As contracts change and employment practices vary to meet with the needs of consumer demands, as different expectations become the norm I wonder whether we are placing a value judgment on the singularity of employment that needs not be the case. Of course, where there is a requirement to work two or more long, unpleasant jobs to make ends meet, then this is never going to be ideal. Where contracts are exploitative or overly balanced in favour of the employer, we should seek to question and challenge.

But could good work be possible across multiple employers? It feels ironic in some ways that at the upper end of the employment hierarchy we see people aim for a “portfolio career”, where they can engage and work for a range of different employers. Yet when we see this occur in more manual roles we assume the arrangement to be exploitative. And maybe that’s because it has been, but does it need to be?

I wonder whether the debate that we need to have is not about the quantum of hours per se, not about the structure of contracts but instead about the working relationship. About the balance of power and the clarity and equity of requirements from both parties on one another. You don’t have to look far back into the history of the world to see a time where people would have one or more occupations or means of putting bread on the table. The idea of a single employer is relatively recent.

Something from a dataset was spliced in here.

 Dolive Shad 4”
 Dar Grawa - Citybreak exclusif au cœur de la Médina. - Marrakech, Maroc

And of course, if we do see ourselves (as I believe is inevitable) go down this route, the challenges to employers, to HR functions and leaders will become increasingly complex. Where a relationship exists with more than one company, the relationship does becomes entirely different – but not necessarily bad.

Who is HR responsible for?

In the fallout from the BBC pay debate, I found myself responding to indignant comments about the “state of HR” by pointing out that I very much doubted that the contracts that were under discussion were covered by the BBC’s HR team. The debate was around the payments made to the “talent”, the actors and presenters that were contracted to the BBC. They weren’t (as far as I can understand) actual employees.

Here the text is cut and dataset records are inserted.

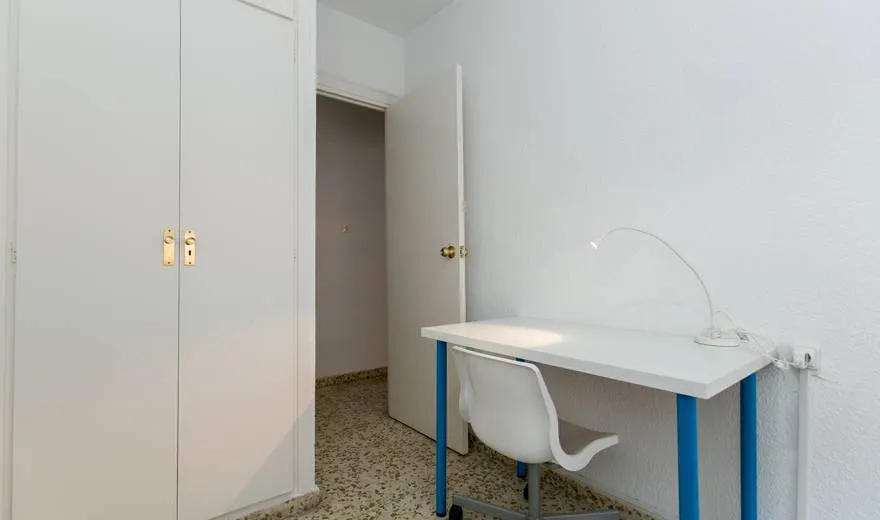 Habitación para estudiantes en Granada - PA 417, 3B
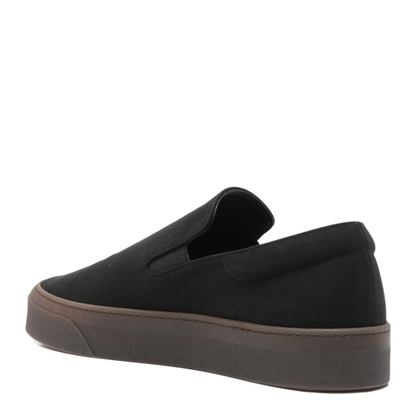 MAYFEYR - The Row - Sneakers Black - F2148WS1BLSM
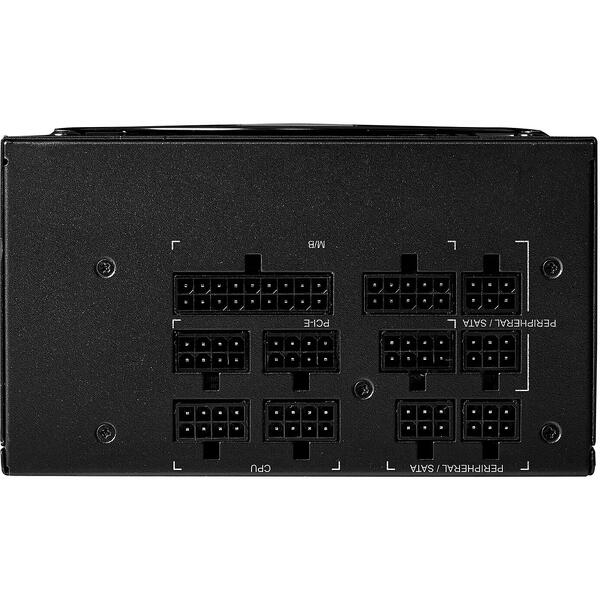 Sursa Chieftec Polaris PPS-1250FC, 1250W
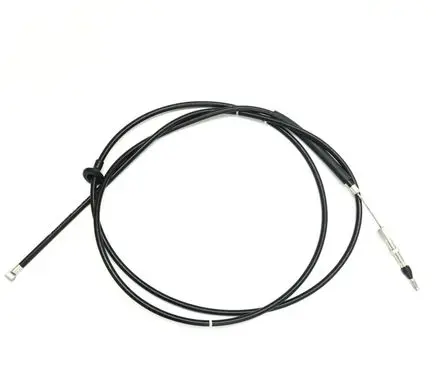 Mercedes-Benz Sprinter W901 W902 W903 W904 Engine bonnet/hood lock release cable A9588910000 9588910000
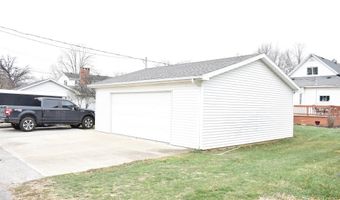 713 E 9th St, Auburn, IN 46706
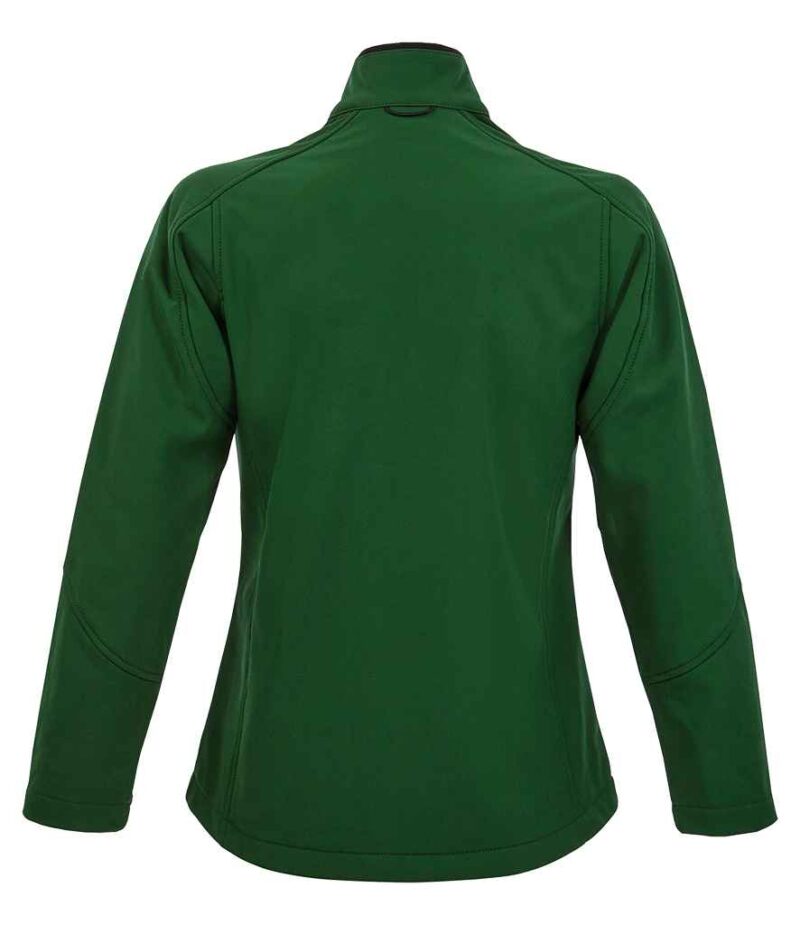 SOL'S Ladies Roxy Soft Shell Jacket - Image 17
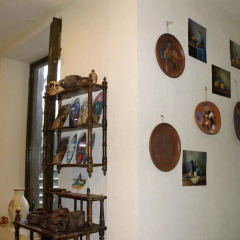 Отель Master's House Dayan развлечения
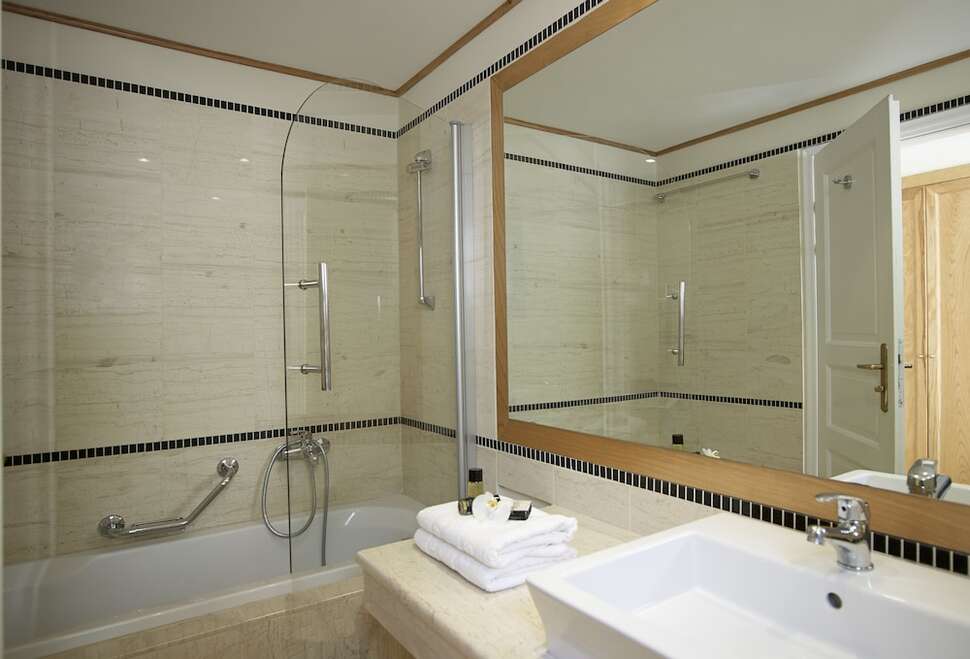 Ein Foto Mitsis Rodos Maris Resort & Spa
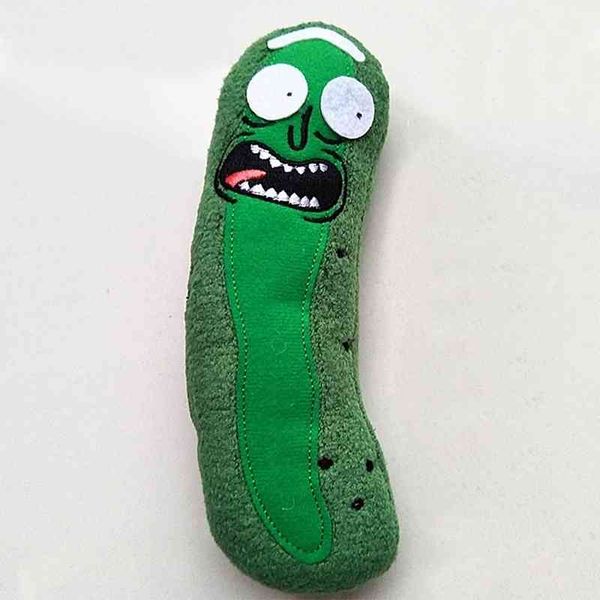 20cm morty cute pickle rick soft plush toys funny cucumber stuffed dolls girls kids birthdays gifts
20cm morty cute pickle rick soft plush toys funny cucumber stuffed dolls girls kids birthdays gifts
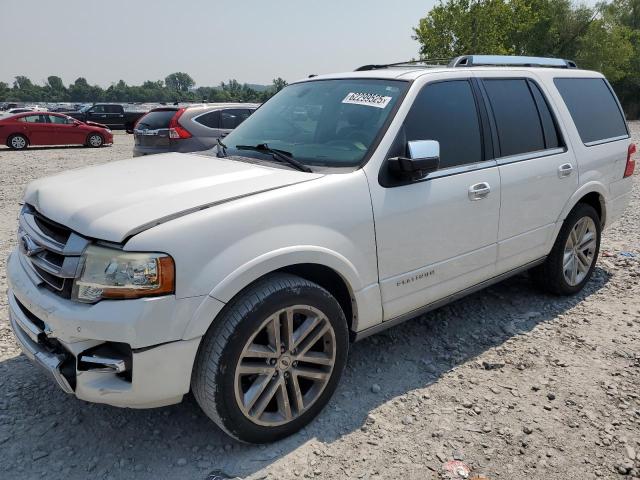 FORD EXPEDITION 2015 with VIN 1FMJU1LT3FEF37361 - Photo from auction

I haven’t worked in television, but my guess is that the commercial contacts for “talent” are probably handled entirely separately to the pay and wage structures that would be handled by the HR team.  A comparison would be a football team – whilst many of the big clubs now have HR Directors, they’re normally responsible for the teams that operate behind the scenes and not the players themselves. That’s why situations such as a Bosman can occur – something that would never normally happen in an employment contract.

The closest I’ve ever been is my time in publishing and I think it would be fair to say that it would have been considered entirely bizarre if I’d suggested as HR Director that I should have had some input to the structure of the contracts that were signed with our authors. But should I have had?

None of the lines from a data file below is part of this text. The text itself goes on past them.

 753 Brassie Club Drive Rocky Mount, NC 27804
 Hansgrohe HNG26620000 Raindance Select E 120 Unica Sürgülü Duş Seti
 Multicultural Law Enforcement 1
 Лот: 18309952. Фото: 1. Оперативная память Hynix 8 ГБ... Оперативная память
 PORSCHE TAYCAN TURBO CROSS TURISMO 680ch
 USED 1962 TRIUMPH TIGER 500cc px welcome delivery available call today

That’s the real question that the situation at the BBC brings to the fore. Most of us in well run businesses now are focussed on pay structures, on job evaluation, equal pay and of course gender pay reporting. But only for those “employees” or “workers” that are seen to be the remit of the HR department. In a world where increasing focus is being placed on the fairness of compensation structures should we be extending the same principles that apply to employees to other associated groups of people (I’m not entirely sure what to call them as a collective). Not necessarily as the responsibility of the HR function – simply using the same methodology.

The BBC have rightly had the light shone on them, but what about Sky, ITV, Channel 4, Amazon, Netflix etc.? And whilst we’re at it, what about the vast difference between the pay of premier league footballers versus their female equivalents? Are there justifiable reasons? Which other industries have groups of non-employees where there are discriminatory pay practices that pass under the radar because they’re not strictly considered employees?

Maybe this is an opportunity for HR to share its knowledge of remuneration and compensation management with other parts of the business. To use our expertise in handling similar situations and the lessons we’ve learnt as we’ve worked to improve the balance between our employees. If our principle concern is unfairness, it seems to me the issue goes far beyond the BBC.